# [WHAT YOU ARE ASKED TO DO]
Print exactly the lines below between the line holding "Property Photo: 4405 S Holly Street WA 98118" and the line holding "这一天，终于圆满了，看到最后提裙子，激动到😭#2025星光大赏视频封面", inclusive, and nothing more.

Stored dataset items
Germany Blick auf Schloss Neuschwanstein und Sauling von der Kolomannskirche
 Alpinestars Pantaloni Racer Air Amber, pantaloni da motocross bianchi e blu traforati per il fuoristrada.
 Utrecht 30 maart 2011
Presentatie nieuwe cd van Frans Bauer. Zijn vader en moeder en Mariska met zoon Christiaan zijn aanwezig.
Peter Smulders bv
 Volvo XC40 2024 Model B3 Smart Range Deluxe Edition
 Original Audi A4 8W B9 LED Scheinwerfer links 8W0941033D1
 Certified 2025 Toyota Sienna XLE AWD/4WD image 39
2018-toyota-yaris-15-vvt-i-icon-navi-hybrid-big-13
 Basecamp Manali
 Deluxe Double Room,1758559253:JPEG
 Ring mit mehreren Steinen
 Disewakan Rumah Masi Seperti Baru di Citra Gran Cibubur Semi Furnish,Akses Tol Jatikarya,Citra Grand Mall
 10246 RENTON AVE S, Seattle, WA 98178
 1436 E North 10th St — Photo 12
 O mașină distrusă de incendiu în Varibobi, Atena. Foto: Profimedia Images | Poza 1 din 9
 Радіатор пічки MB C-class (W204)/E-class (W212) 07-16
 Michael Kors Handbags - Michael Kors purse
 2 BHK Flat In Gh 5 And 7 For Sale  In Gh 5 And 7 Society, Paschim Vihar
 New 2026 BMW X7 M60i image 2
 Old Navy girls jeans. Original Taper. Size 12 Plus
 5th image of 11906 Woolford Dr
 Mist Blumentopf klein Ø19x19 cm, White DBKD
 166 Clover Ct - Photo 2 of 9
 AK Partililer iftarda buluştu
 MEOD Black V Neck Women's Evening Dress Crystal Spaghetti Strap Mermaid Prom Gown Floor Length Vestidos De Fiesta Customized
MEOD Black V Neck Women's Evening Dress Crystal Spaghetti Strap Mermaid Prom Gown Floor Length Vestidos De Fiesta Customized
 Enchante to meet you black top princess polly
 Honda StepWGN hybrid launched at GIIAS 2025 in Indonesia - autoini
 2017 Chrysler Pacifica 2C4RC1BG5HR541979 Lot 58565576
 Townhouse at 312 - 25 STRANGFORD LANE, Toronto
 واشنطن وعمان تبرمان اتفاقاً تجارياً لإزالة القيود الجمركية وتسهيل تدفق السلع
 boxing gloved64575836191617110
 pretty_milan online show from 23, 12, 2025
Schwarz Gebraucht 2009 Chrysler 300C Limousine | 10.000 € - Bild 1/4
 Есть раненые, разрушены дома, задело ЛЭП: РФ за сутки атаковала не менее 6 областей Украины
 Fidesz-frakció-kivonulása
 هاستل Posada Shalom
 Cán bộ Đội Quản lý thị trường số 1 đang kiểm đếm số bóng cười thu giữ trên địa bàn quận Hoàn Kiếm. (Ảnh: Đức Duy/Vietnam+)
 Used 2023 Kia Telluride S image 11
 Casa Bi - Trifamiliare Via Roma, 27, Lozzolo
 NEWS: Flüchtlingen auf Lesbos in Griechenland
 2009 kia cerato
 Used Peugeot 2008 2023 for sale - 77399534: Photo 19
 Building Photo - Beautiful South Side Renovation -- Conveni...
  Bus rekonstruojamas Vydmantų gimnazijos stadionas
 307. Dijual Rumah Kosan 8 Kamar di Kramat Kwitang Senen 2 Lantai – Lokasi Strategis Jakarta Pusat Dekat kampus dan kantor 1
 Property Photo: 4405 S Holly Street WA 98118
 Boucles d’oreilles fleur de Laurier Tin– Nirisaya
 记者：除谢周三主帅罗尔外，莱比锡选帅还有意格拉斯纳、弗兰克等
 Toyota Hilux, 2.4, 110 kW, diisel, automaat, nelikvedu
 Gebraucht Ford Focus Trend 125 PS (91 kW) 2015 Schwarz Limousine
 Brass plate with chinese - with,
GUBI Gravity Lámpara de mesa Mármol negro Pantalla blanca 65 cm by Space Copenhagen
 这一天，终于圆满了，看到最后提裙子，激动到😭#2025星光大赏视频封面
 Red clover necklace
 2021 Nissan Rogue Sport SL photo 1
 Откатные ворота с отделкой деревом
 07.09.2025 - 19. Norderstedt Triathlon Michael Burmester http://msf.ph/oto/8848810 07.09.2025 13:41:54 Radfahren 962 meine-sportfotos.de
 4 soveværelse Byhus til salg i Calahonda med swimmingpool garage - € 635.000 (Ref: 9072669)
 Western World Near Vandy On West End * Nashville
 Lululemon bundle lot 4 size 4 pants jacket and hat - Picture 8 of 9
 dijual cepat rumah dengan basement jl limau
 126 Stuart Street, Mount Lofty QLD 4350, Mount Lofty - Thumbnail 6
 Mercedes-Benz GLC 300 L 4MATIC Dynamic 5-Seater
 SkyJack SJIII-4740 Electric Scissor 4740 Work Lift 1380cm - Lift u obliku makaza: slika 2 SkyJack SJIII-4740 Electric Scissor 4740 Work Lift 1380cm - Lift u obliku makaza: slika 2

# [SOLUTION BELOW]
 Property Photo: 4405 S Holly Street WA 98118
 Boucles d’oreilles fleur de Laurier Tin– Nirisaya
 记者：除谢周三主帅罗尔外，莱比锡选帅还有意格拉斯纳、弗兰克等
 Toyota Hilux, 2.4, 110 kW, diisel, automaat, nelikvedu
 Gebraucht Ford Focus Trend 125 PS (91 kW) 2015 Schwarz Limousine
 Brass plate with chinese - with,
GUBI Gravity Lámpara de mesa Mármol negro Pantalla blanca 65 cm by Space Copenhagen
 这一天，终于圆满了，看到最后提裙子，激动到😭#2025星光大赏视频封面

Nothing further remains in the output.